Langridge moved to Tākaka in late 1892, with The Colonist giving a favourable report on his reputation in Brunner, and appreciating that another justice of the peace joined the community. He had purchased the store Thomas Allwood Cook. When a county councillor died in April 1893 and it became known that Cook, who was also a county councillor, would leave the district, The Colonist described Langridge as a suitable candidate for one of the positions. However, Langridge did not contest the by-election nor the next regular election.

Langridge suggested to create the Tākaka Pioneers' Memorial and was the driving force behind it. A committee formed in May 1906 to progress the proposal.

Langridge was farewelled from Tākaka in May 1908, with many speakers at the function praising him for his support of many community initiatives. The Colonist described Langridge as being "possessed of unbounded energy and [he] took an active and leading part in almost everything that was going". By then, not enough funds had been collected for the Pioneers' Memorial, and he returned to Tākaka in August 1908 and went from house to house canvassing for memorial funds.
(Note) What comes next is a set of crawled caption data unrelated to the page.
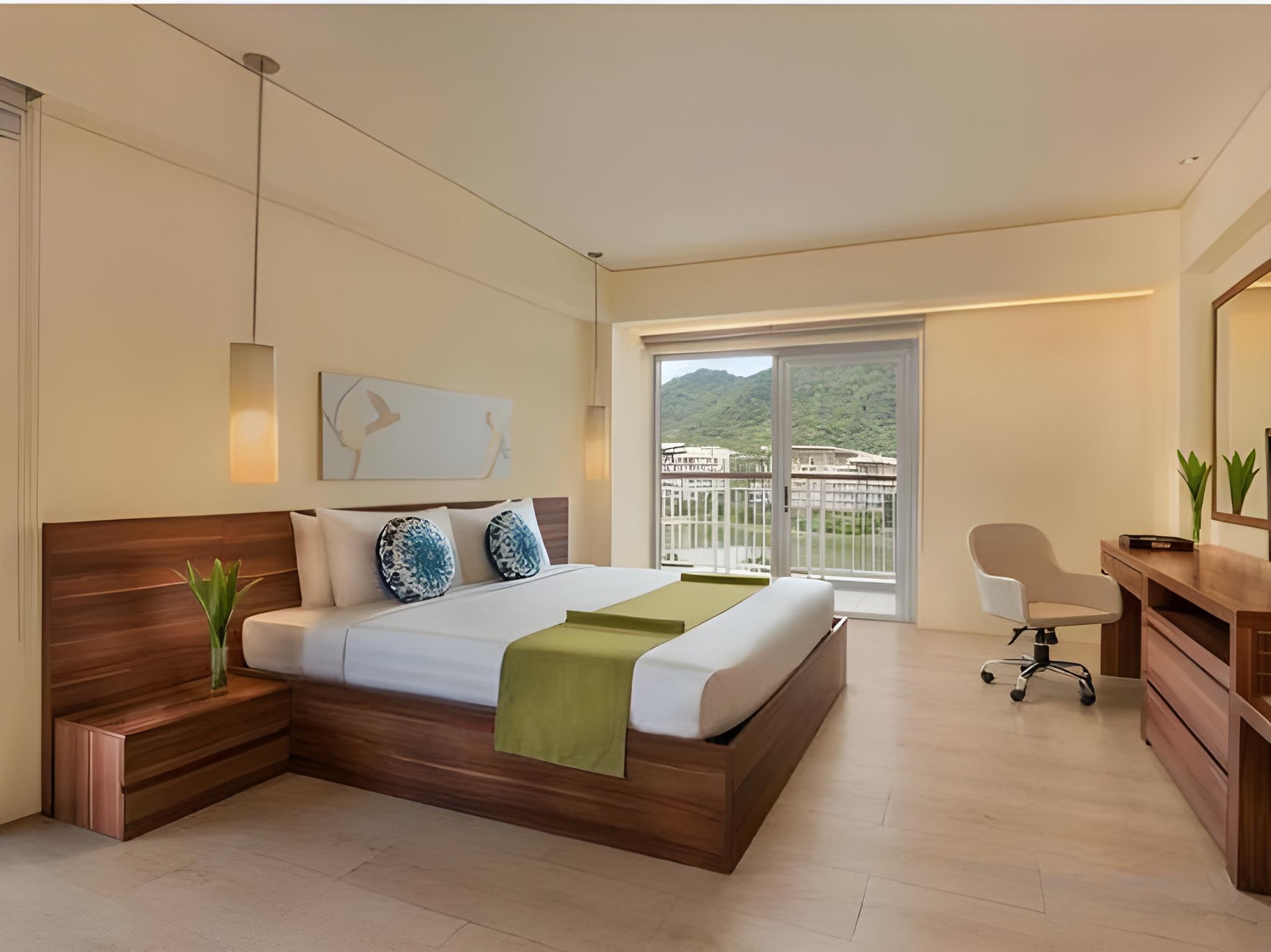 Classic, Deluxe, King Bed, Lagoon View, Corner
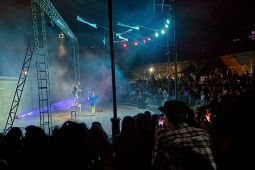 Teater Tanah Baja Makassar 'membuka mata' penonton FKSM 2023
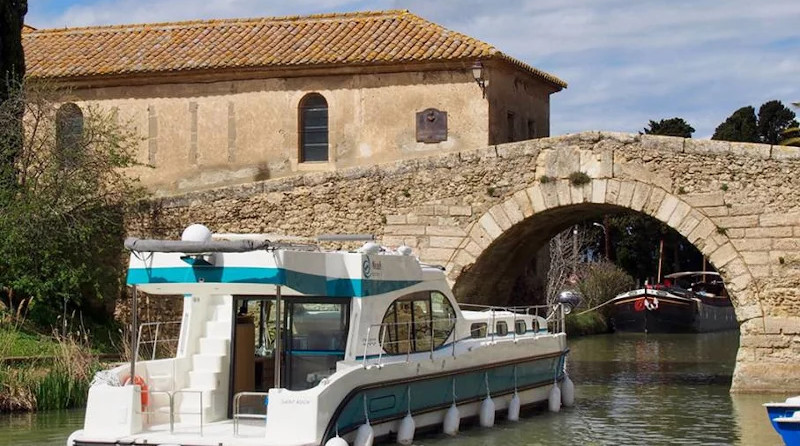 Cantieri estensi goldstar 560 c fly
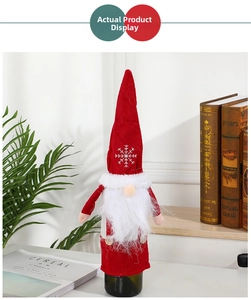 Detail der roten Weihnachtszwerg-Weinflaschenhülle mit Schneeflocken und Plüschbart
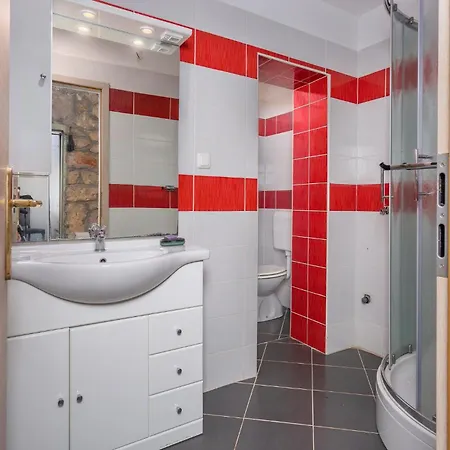 2 Bedroom Stunning In *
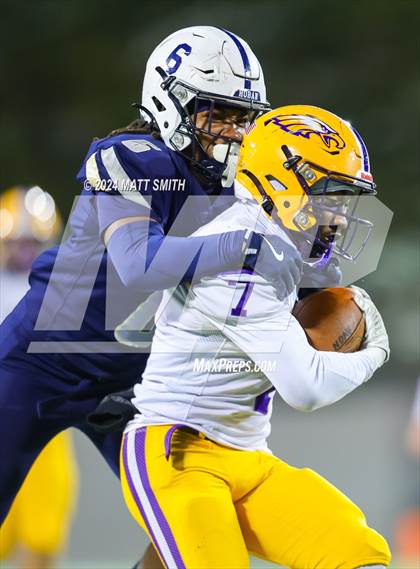 Thumbnail 3 in Avon vs. Archbishop Hoban (OHSAA Division 2 Round 5) photogallery.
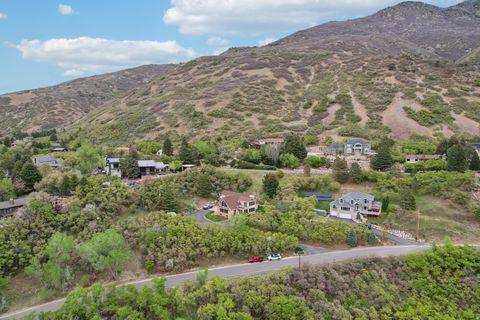 Tiny photo for 2686 E BONNEVILLE TERRACE DR, South Ogden, UT 84403 (MLS # 2152606)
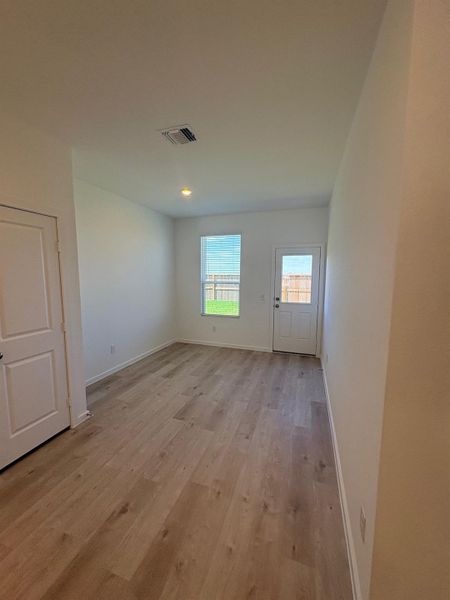 Spacious, unfurnished interior of a new home in Stokesbury, Waller (Image 27).
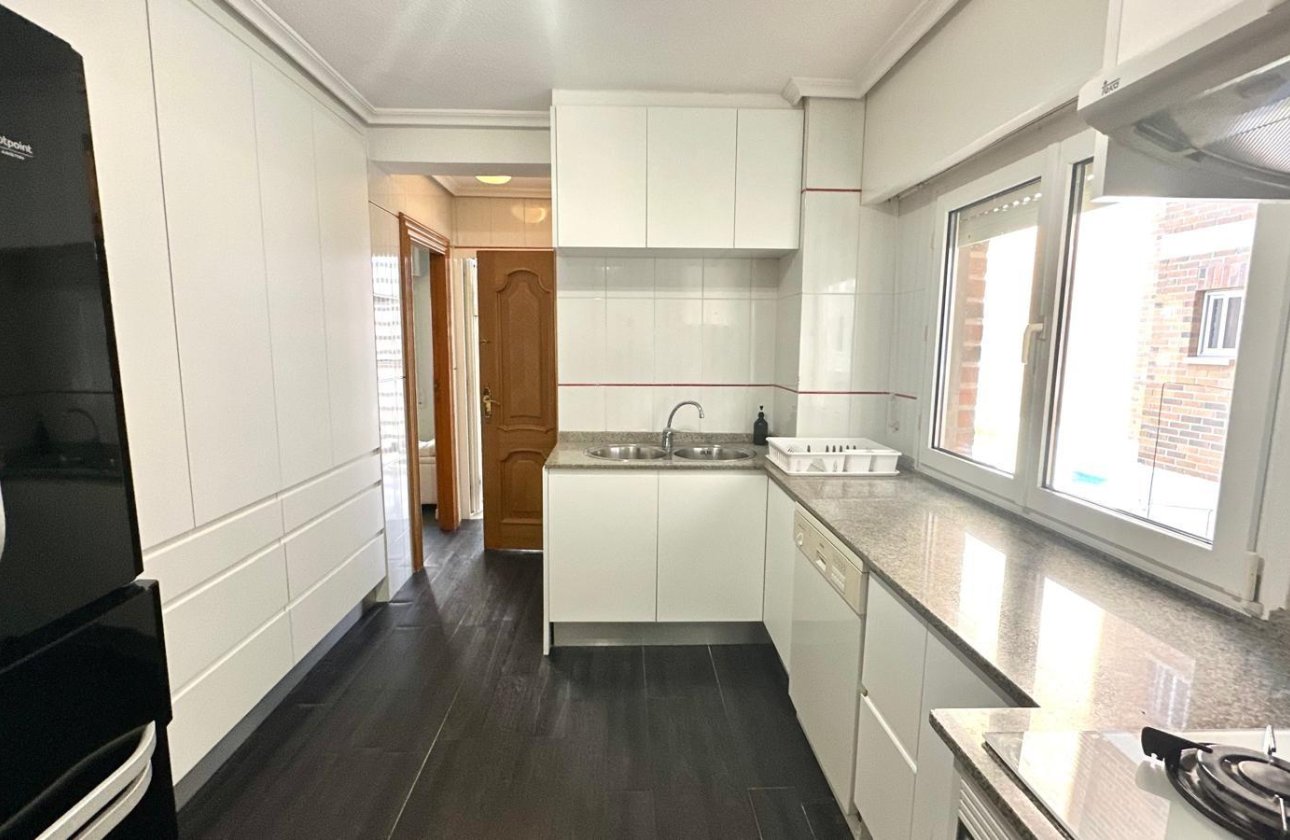 Revente - Appartement -
Orihuela Costa - Campoamor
Since November 1909, they lived in Ōtāne.

Langridge was a candidate in the 1922 general election in the Waipawa electorate for the Liberal Party. He was defeated by the incumbent from the Reform Party, George Hunter.

==Private life==
During 1890, Langridge married Elizabeth "Bessie" Ruth Heley. (Note: They married on 11 March 1890 according to the marriage certificate 1890/538, which is available via Births, Deaths, and Marriages Online.) He died on 20 February 1931 at the Waipukurau Public Hospital. He was survived by his wife and five of their children (one son and four daughters).